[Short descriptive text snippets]
++++++++

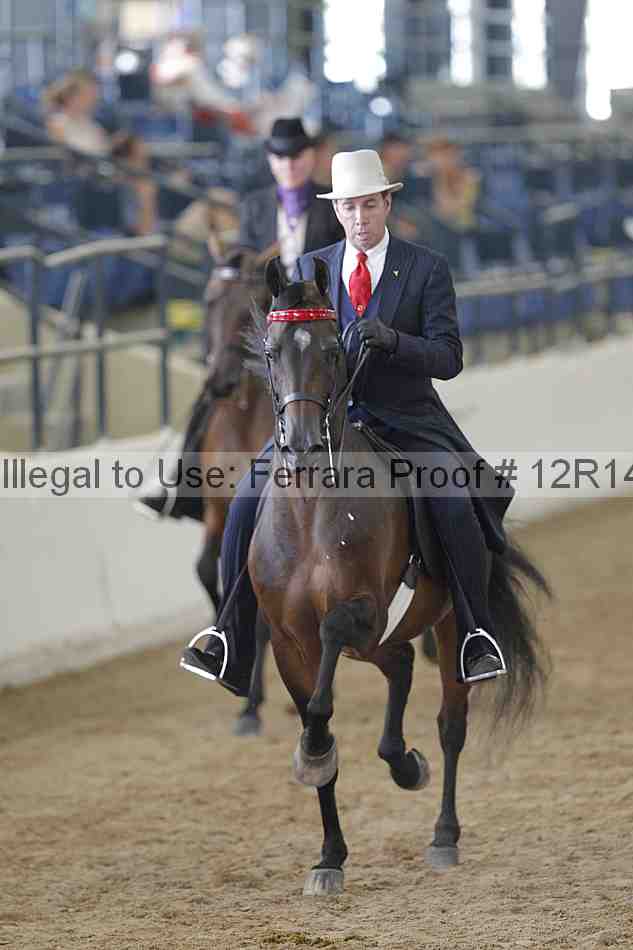 Proof 12r14_2038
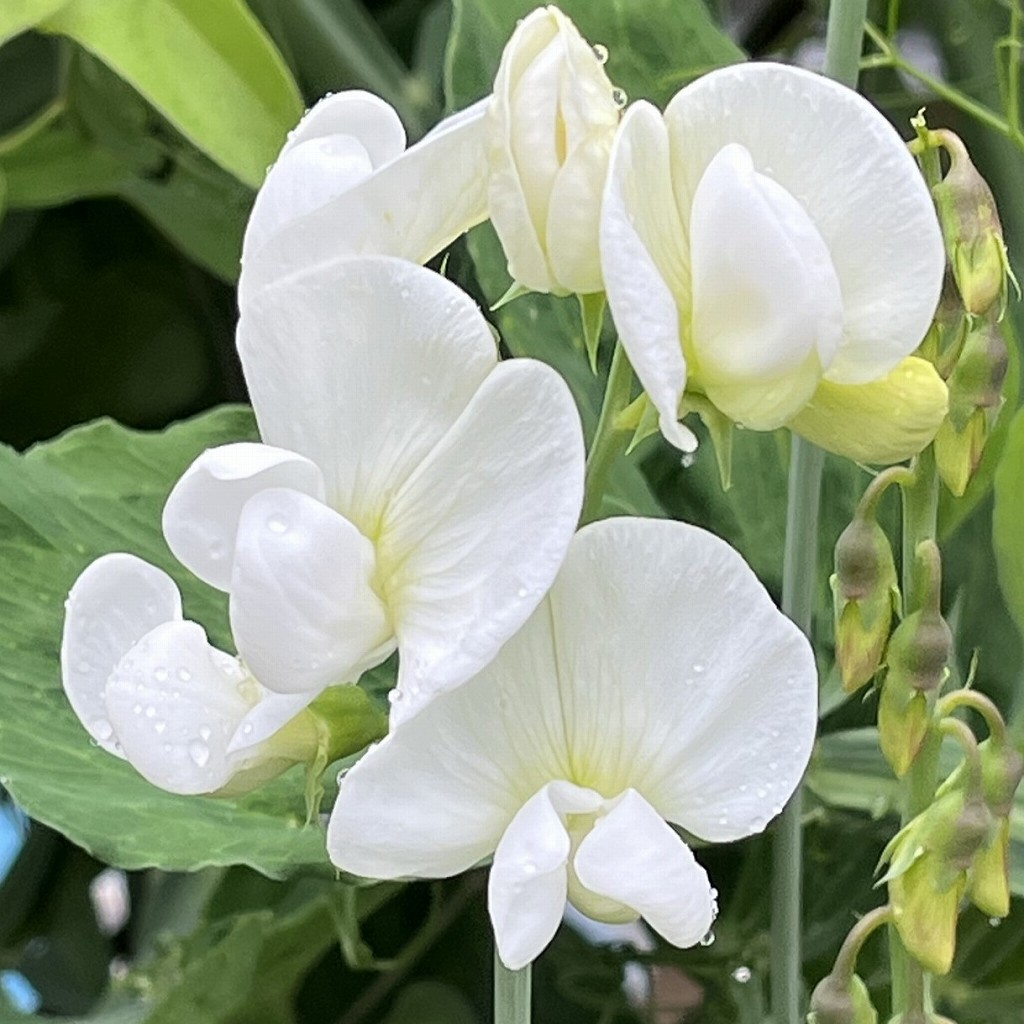 Lathyrus latifolius - white flowers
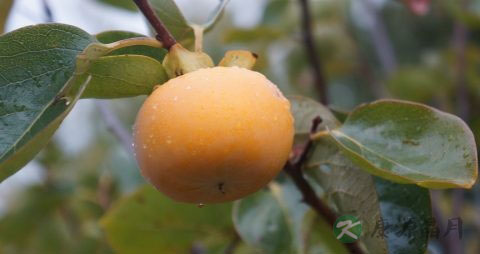 白酒和啤酒混着喝有什么后果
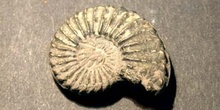 Amaltheus margaruthatus (Ammonites) Jurásico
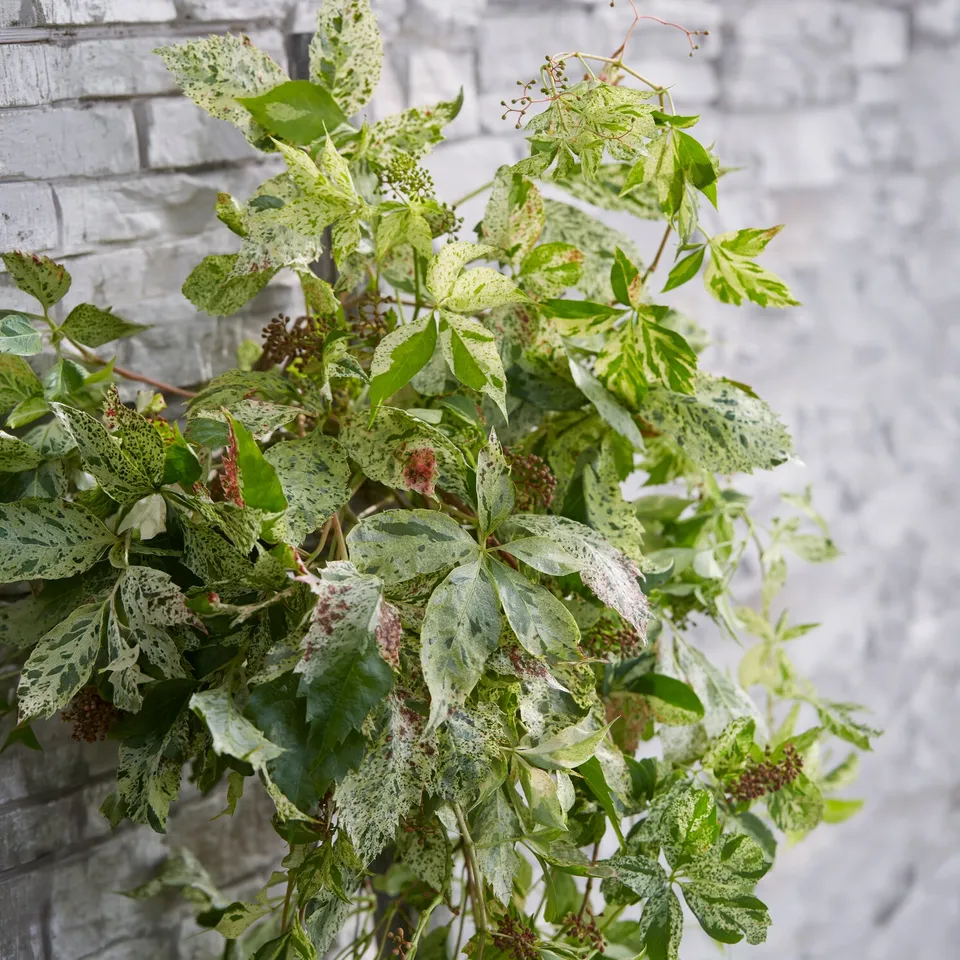 Bakker Star Shower vigne vierge panachée pot 1,5L 55-65cm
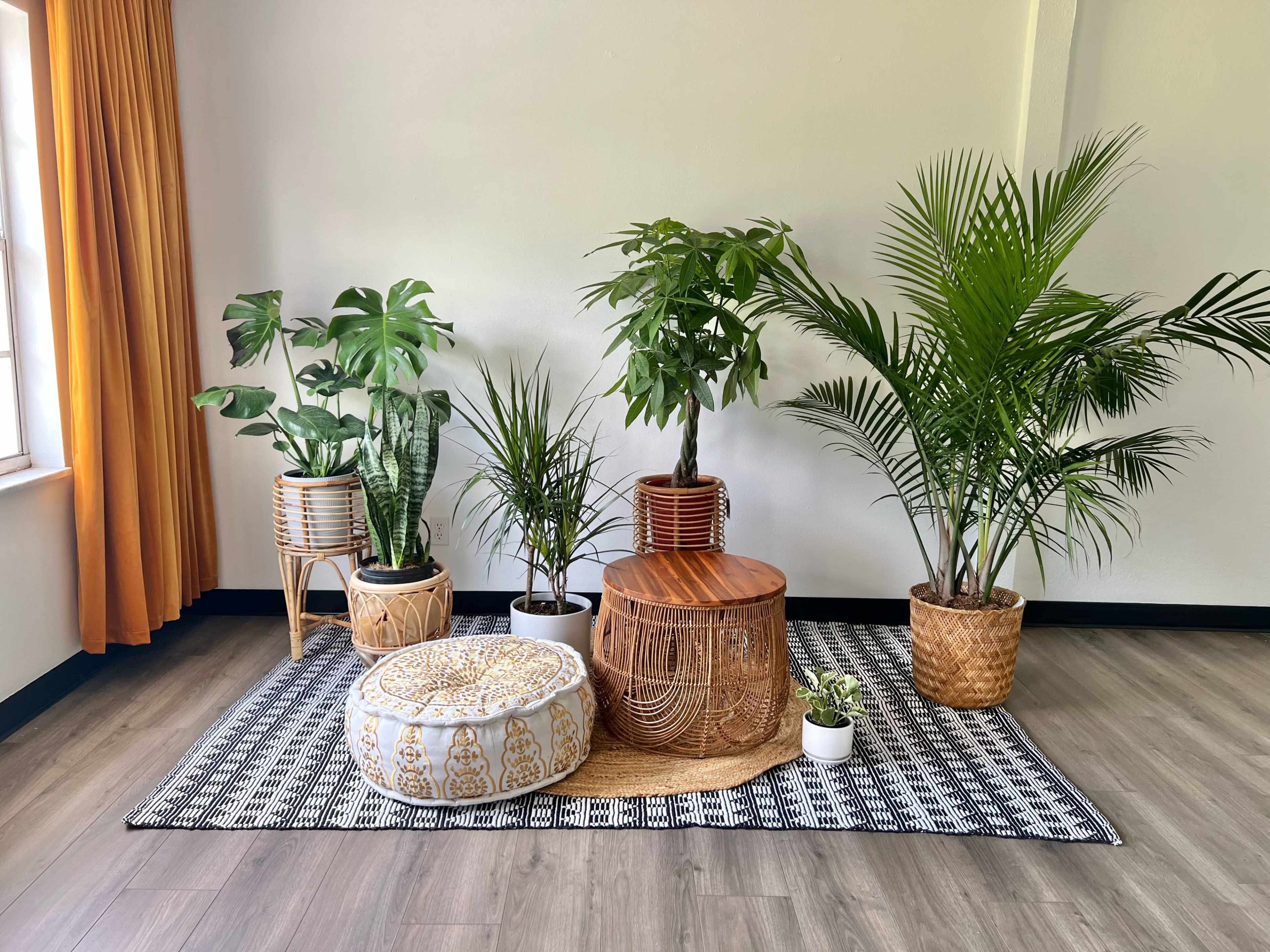 A cozy indoor space features various potted plants, a round wooden table, a patterned pouf, and a woven area rug.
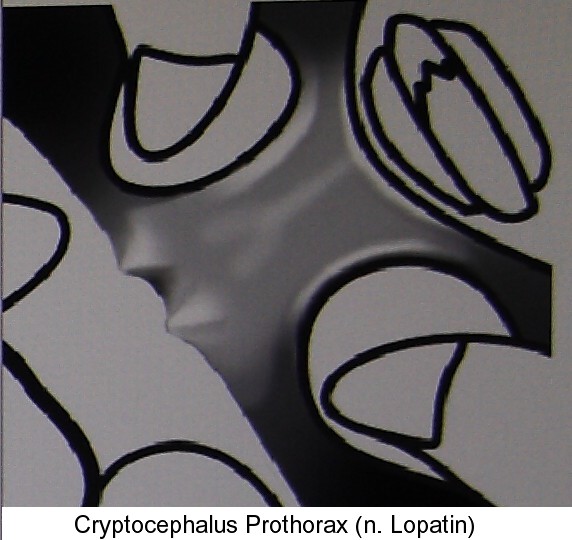 cryptocephalus_prothorax.jpg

++++++++

▸ **Goal of the exercise**: From the line containing "A cozy indoor" to the last line of the records above, return each line exactly, both ends included, and nothing more. Leave out the pictures.

▸ **Expected answer**:
 A cozy indoor space features various potted plants, a round wooden table, a patterned pouf, and a woven area rug.
 cryptocephalus_prothorax.jpg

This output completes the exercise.